One of the most misunderstood aspects of polycystic ovary syndrome, now increasingly reframed as Polyendocrine Metabolic Ovarian Syndrome (PMOS), is the role insulin plays in the disorder. For years, insulin resistance in PMOS was discussed primarily through the lens of diabetes risk and abnormal glucose metabolism. Yet insulin’s role in the syndrome appears to extend far beyond blood sugar alone.
What many patients, and even many clinicians outside endocrinology and reproductive medicine, may not realize is that insulin does not act uniformly across all tissues in PMOS. In some organs, insulin signaling becomes impaired. In others, it appears paradoxically preserved. This selective pattern may help explain one of the central paradoxes of the syndrome: How the same patient can simultaneously demonstrate insulin resistance and excessive ovarian androgen production.

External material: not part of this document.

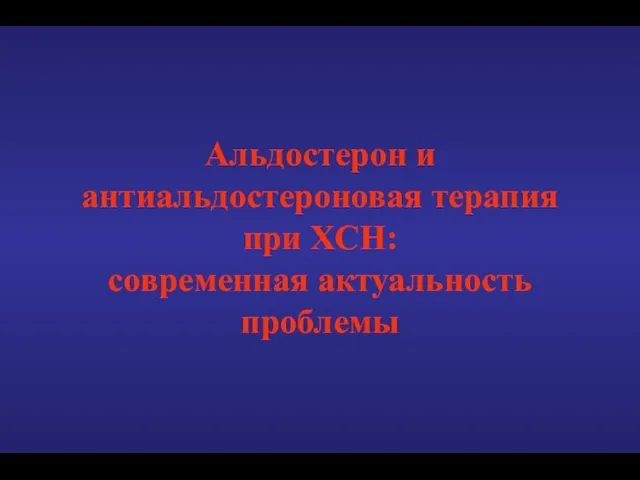 Альдостерон и антиальдостероновая терапия при ХСН: современная актуальность проблемы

In simplified terms, insulin appears to encounter two very different “doors” in the body. At the level of skeletal muscle and other metabolic tissues, the door becomes increasingly difficult to open. Insulin binds its receptor, but downstream signaling involved in glucose uptake becomes impaired. Glucose transporters such as GLUT4 fail to efficiently move glucose into muscle cells, and the body compensates by producing progressively larger amounts of insulin in an attempt to overcome this resistance.
At the level of the ovary, however, the story may be very different. The ovarian door may remain remarkably permissive to insulin signaling.

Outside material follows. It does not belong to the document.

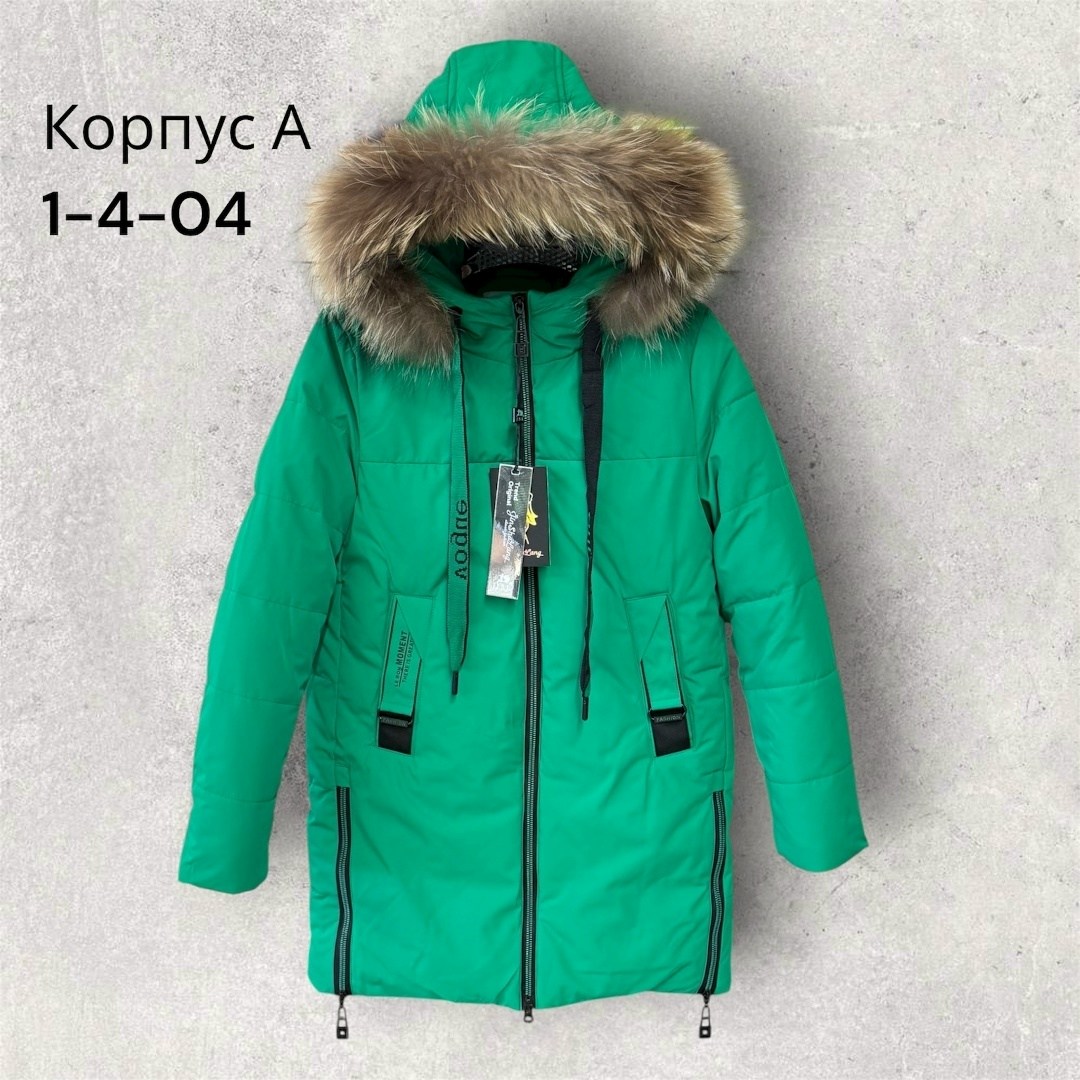 зимняя куртка для девочек,куртка для девочек,куртка детская,куртка зимняя,детская зимняя куртка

This distinction is critical because insulin in the ovary does far more than regulate glucose metabolism. Within ovarian theca cells, insulin acts synergistically with luteinizing hormone (LH) to stimulate androgen production. Even as skeletal muscle becomes resistant to insulin’s metabolic effects, ovarian steroidogenic pathways may continue responding to elevated circulating insulin levels. The result is a biologic mismatch: The body produces more and more insulin to compensate for metabolic resistance, while the ovary continues to “hear” insulin’s androgen-stimulating signal clearly.

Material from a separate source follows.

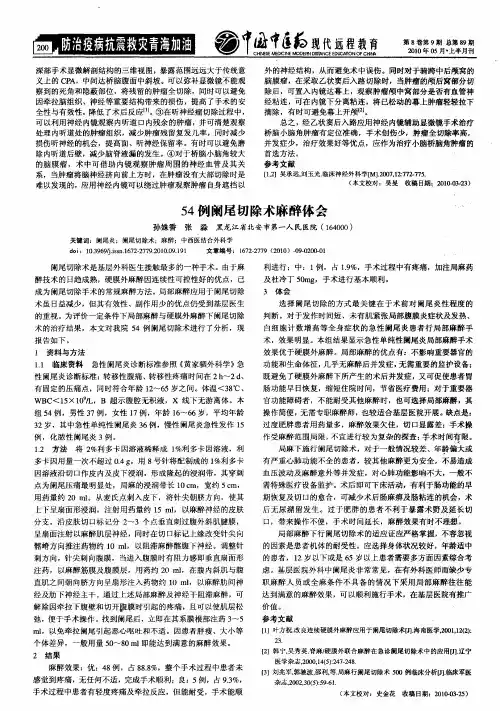 54例阑尾切除术麻醉体会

Much of the public discussion surrounding PMOS focuses on insulin resistance. Far less attention is paid to what might be described as ovarian insulin permissiveness.
Emerging research suggests this selective signaling pattern may involve divergence between post-receptor insulin pathways. The phosphoinositide 3-kinase (PI3K) pathway, which mediates many of insulin’s metabolic effects including glucose uptake, appears impaired in insulin-resistant tissues. Meanwhile, signaling pathways involved in cellular growth and steroidogenesis may remain relatively preserved within ovarian tissue, allowing insulin to continue amplifying androgen production despite systemic metabolic dysfunction.
Clinically, this helps explain why many women with PMOS can demonstrate significant hyperandrogenic symptoms long before overt diabetes develops. Glucose values may remain “normal” for years while compensatory hyperinsulinemia quietly drives ovarian androgen excess, suppresses sex hormone-binding globulin production in the liver, and contributes to follicular arrest. It also helps explain why PMOS cannot be understood solely through the lens of obesity.
Some patients with PMOS are lean. Others have substantial visceral adiposity. Some exhibit profound insulin resistance, while others demonstrate more neuroendocrine-predominant phenotypes. The syndrome remains highly heterogeneous. Yet even in lean phenotypes, subtle alterations in insulin dynamics may still contribute to ovarian dysfunction in ways not always captured by routine metabolic testing.
Increasingly, researchers are also examining the evolutionary origins of these physiologic patterns. In a 2025 review published in Endocrinology, Dr. Daniel Dumesic and colleagues explored the possibility that many PMOS-associated traits may have conferred ancestral survival advantages under conditions very different from modern industrialized life.
From an evolutionary perspective, preferential abdominal fat accumulation, insulin resistance, increased androgen activity, and enhanced energy conservation may once have represented adaptive physiologic strategies during periods of food scarcity and infectious stress. Visceral and omental fat, often discussed today primarily in negative terms, likely served important survival functions. These metabolically active fat depots provide rapid mobilization of stored energy during famine and produce cytokines involved in immune regulation during infectious challenges. Increased androgen exposure may also have enhanced muscularity and physical resilience under harsh environmental conditions. In ancestral environments characterized by intermittent food availability, high physical exertion, and infectious threats, these physiologic adaptations may have promoted survival.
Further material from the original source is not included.